The next phase of DevOps success won’t be measured solely by speed or efficiency metrics, but by how effectively organizations balance automation with human expertise, governance, and control. From AI-generated code to automated security scanning and Kubernetes-powered AI workloads, organizations are racing to keep up with the next era of software development—one that’s faster, smarter, and significantly more complex.
A new survey from Futurum Research, based on 855 IT decision-makers, paints a clear picture: AI-driven automation is revolutionizing DevOps—but not without challenges. As organizations embrace AI-generated code, automated security scanning, and Kubernetes-powered AI workloads, they grapple with oversight, security risks, and the growing complexity of managing AI-driven systems.
The report reveals that 41% of organizations now use generative AI to write, review, and test code, dramatically reducing manual effort and increasing development speed. Another 39% have adopted machine learning models to optimize infrastructure operations, enabling predictive scaling, automated fault detection, and self-healing systems. Additionally, 35% are leveraging AI-driven automation in IT operations (AIOps), ensuring faster response to outages, improved observability, and reduced human intervention in incident management.
Machine learning models are optimizing deployments, predicting failures before they happen, and streamlining infrastructure management. The result is a shift toward self-healing systems that can detect, diagnose, and respond to issues without human intervention. While this speeds up development cycles, it also raises a new challenge: ensuring developers remain in control of AI-driven decisions, balancing efficiency with oversight.
Kubernetes has become the foundation of DevOps infrastructure, powering mission-critical applications, AI workloads, and cloud-native deployments at an accelerating rate. The report found that 61% of organizations are using Kubernetes in production, with adoption breaking down as follows: 56% are deploying AI/ML and generative AI workloads on Kubernetes; 56% use Kubernetes for data-intensive applications like analytics and big data processing; 54% run databases on Kubernetes, solidifying its role in managing high-scale workloads.

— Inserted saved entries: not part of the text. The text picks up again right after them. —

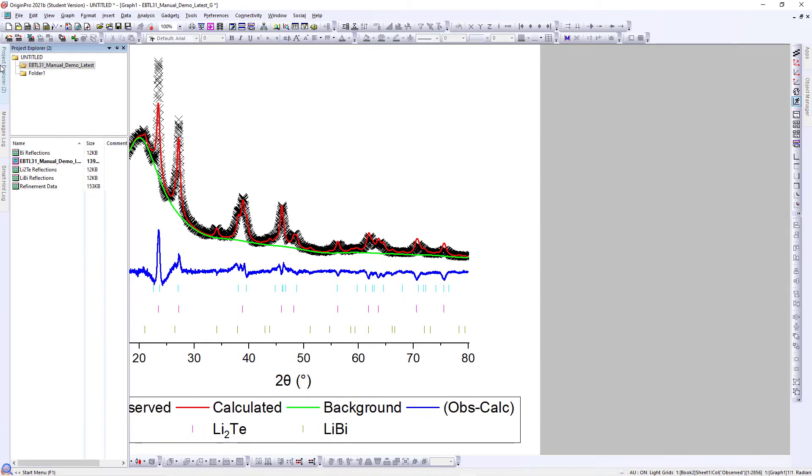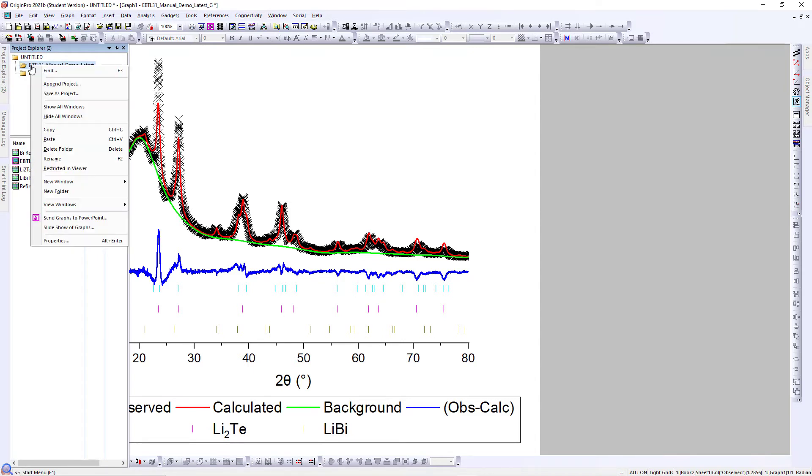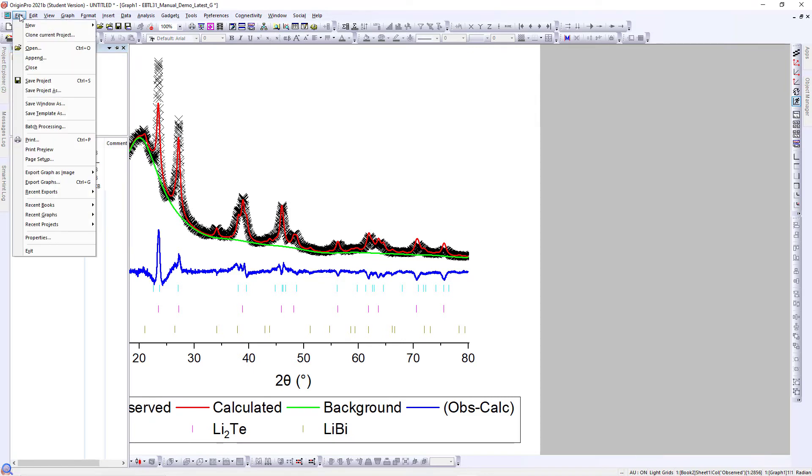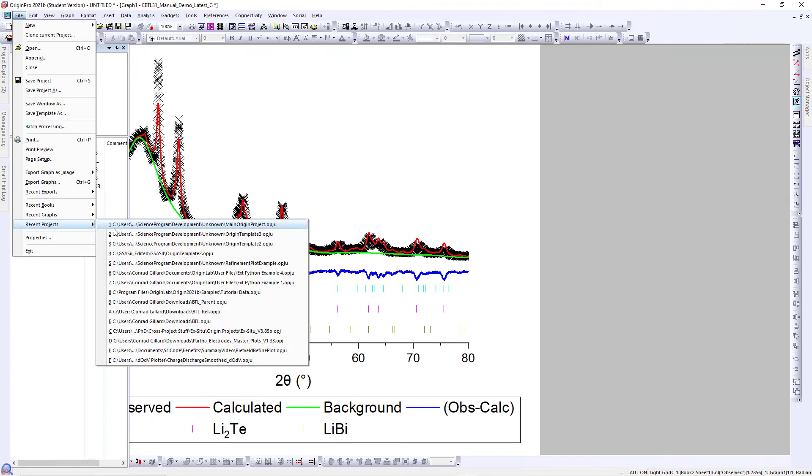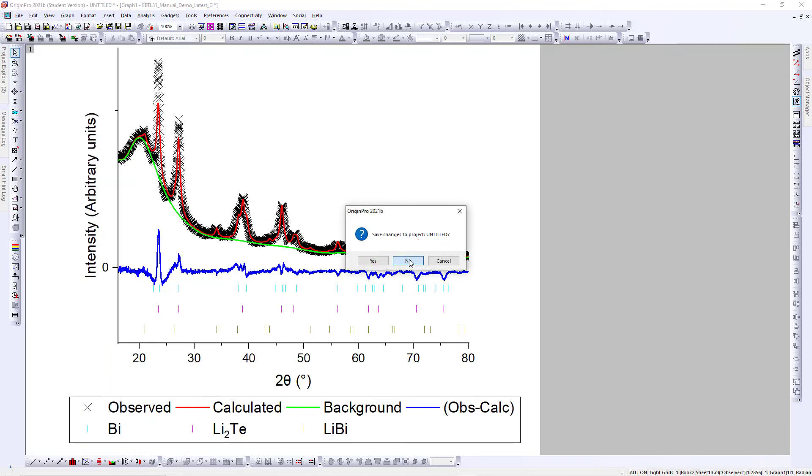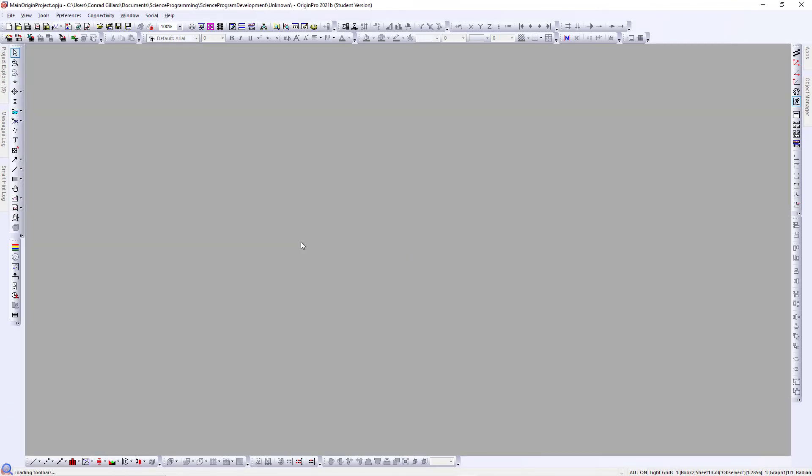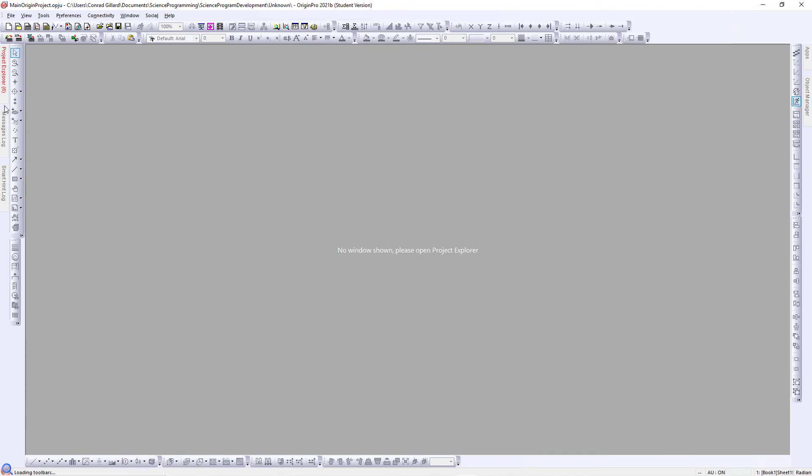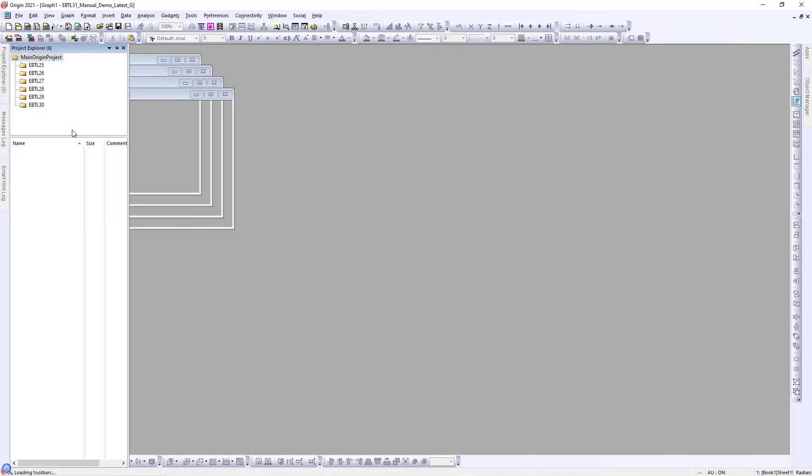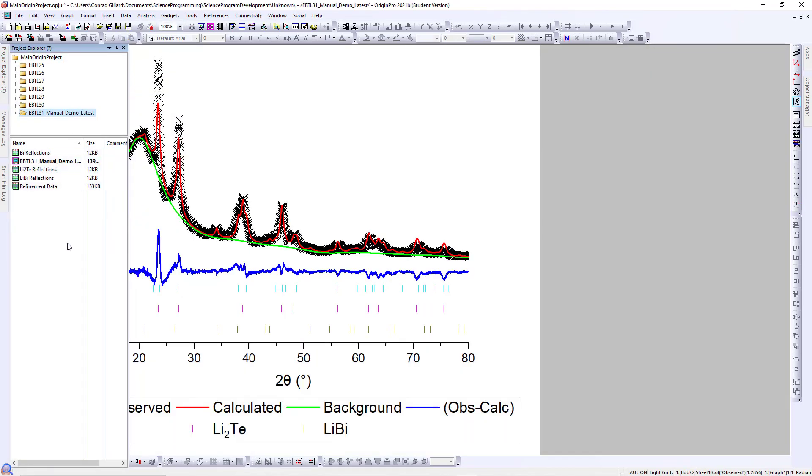It should be noted that the program develops the plot in a new Origin project. To transfer this to a different Origin project, simply copy the folder containing the plot, open the new project, and right-click Paste into the desired location.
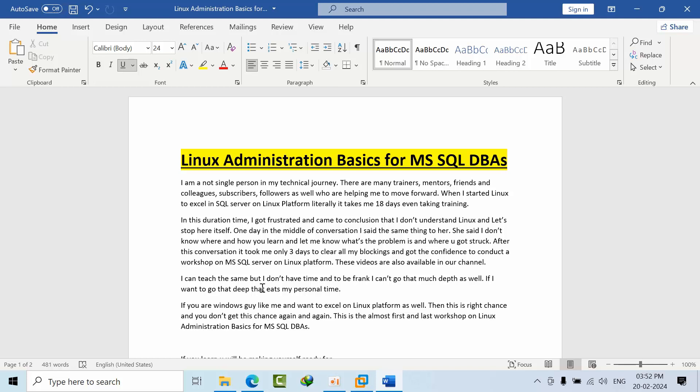I am not a single person in my technical journey. There are many trainers, mentors, friends, subscribers, and followers as well who are helping me to move forward. Previous to this workshop, I also didn't know anything about Linux as well. I am also like an engineering graduate like you who always likes to spend time on technologies. When I started Linux to install SQL Server on Linux platforms, literally it took me 18 days with so much mental frustration as well. Even after taking training, every day, every hour I got issues only.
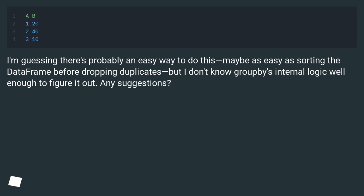I'm guessing there's probably an easy way to do this, maybe as easy as sorting the dataframe before dropping duplicates, but I don't know groupby's internal logic well enough to figure it out. Any suggestions?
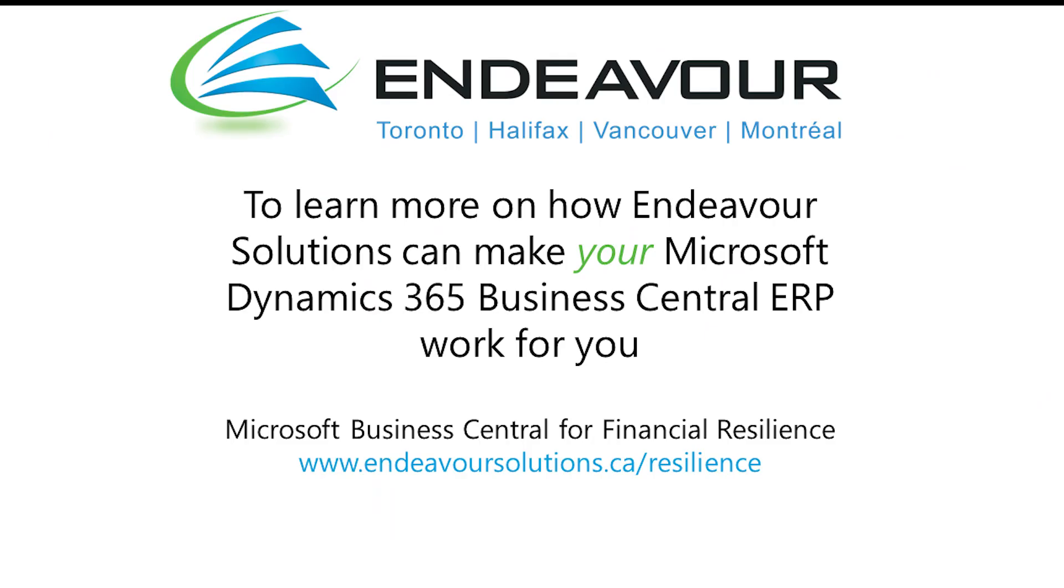Thanks, Marvin. What a great overview on generating a sales quote within Business Central. For our next episode on BI attributes, or to find out how you can reach operational excellence with Endeavor and Business Central, visit EndeavorSolutions.ca slash resilience. We'll see you there.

However, the widespread adoption of Kubernetes also brings complexity, requiring new skill sets, automation strategies, and governance models to ensure stability and security.
As AI becomes more embedded in DevOps, organizations are facing critical trade-offs that will determine the long-term success of these innovations: The industry is now balancing.
AI is accelerating software delivery and reducing deployment times, but it is also removing traditional checkpoints that provided human oversight. Organizations must ensure that AI-generated code, automated testing, and self-healing infrastructure remain transparent and auditable to prevent errors from going unnoticed.
The rise of AIOps and AI-driven security means fewer manual interventions, but 43% of DevOps teams are concerned about security gaps introduced by AI models. Automated systems may fail to detect novel attack patterns, misclassify threats, or unintentionally create vulnerabilities. Security-first AI governance will prevent automation from becoming a security liability.
With 93% of organizations adopting platform engineering, the shift toward self-service DevOps is well underway. However, as infrastructure and workflows become more automated, developers risk disengaging from core decision-making processes. Organizations must balance scalability with developer empowerment, ensuring that automation enhances—rather than replaces—engineering expertise.